# Data shown
───
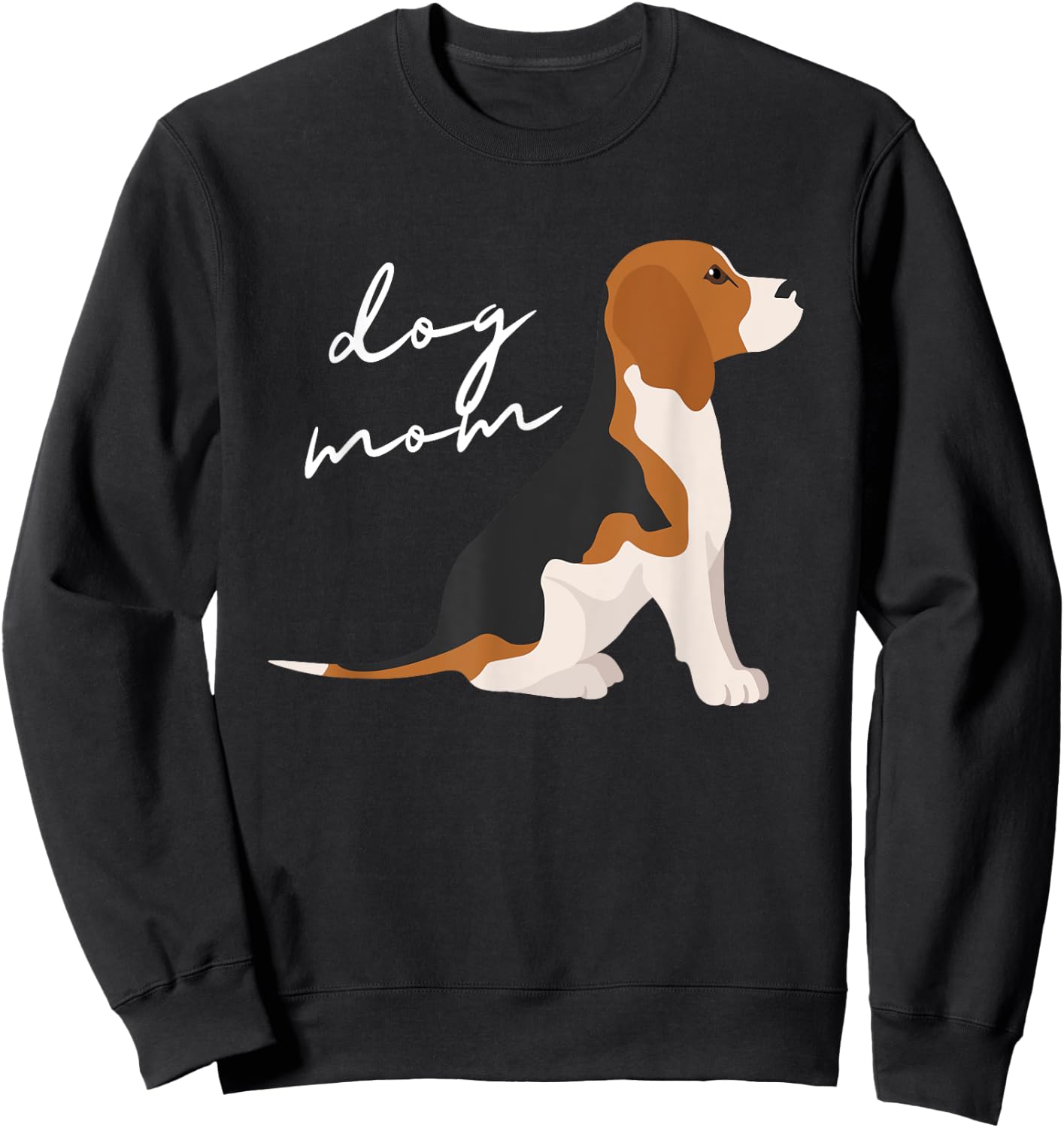 Beagle Dog Mom Woman Sweatshirt - Sweatshirt | Black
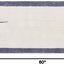 Alfombra baño algodón antiderrap conchas marinas 24x60"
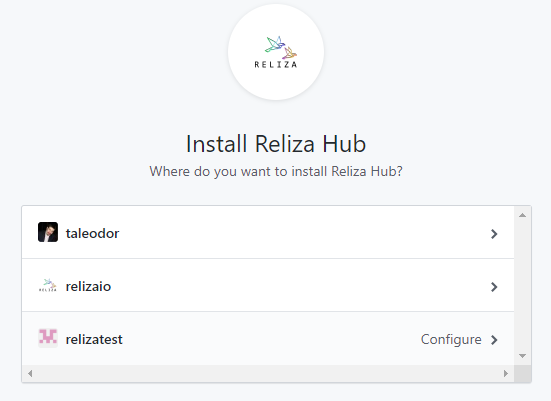 Install Reliza Hub Menu on GitHub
───
# Directions for this task
Write the listing out exactly, word for word, but omit the pictures.

# Solution
 Beagle Dog Mom Woman Sweatshirt - Sweatshirt | Black
 Alfombra baño algodón antiderrap conchas marinas 24x60"
 Install Reliza Hub Menu on GitHub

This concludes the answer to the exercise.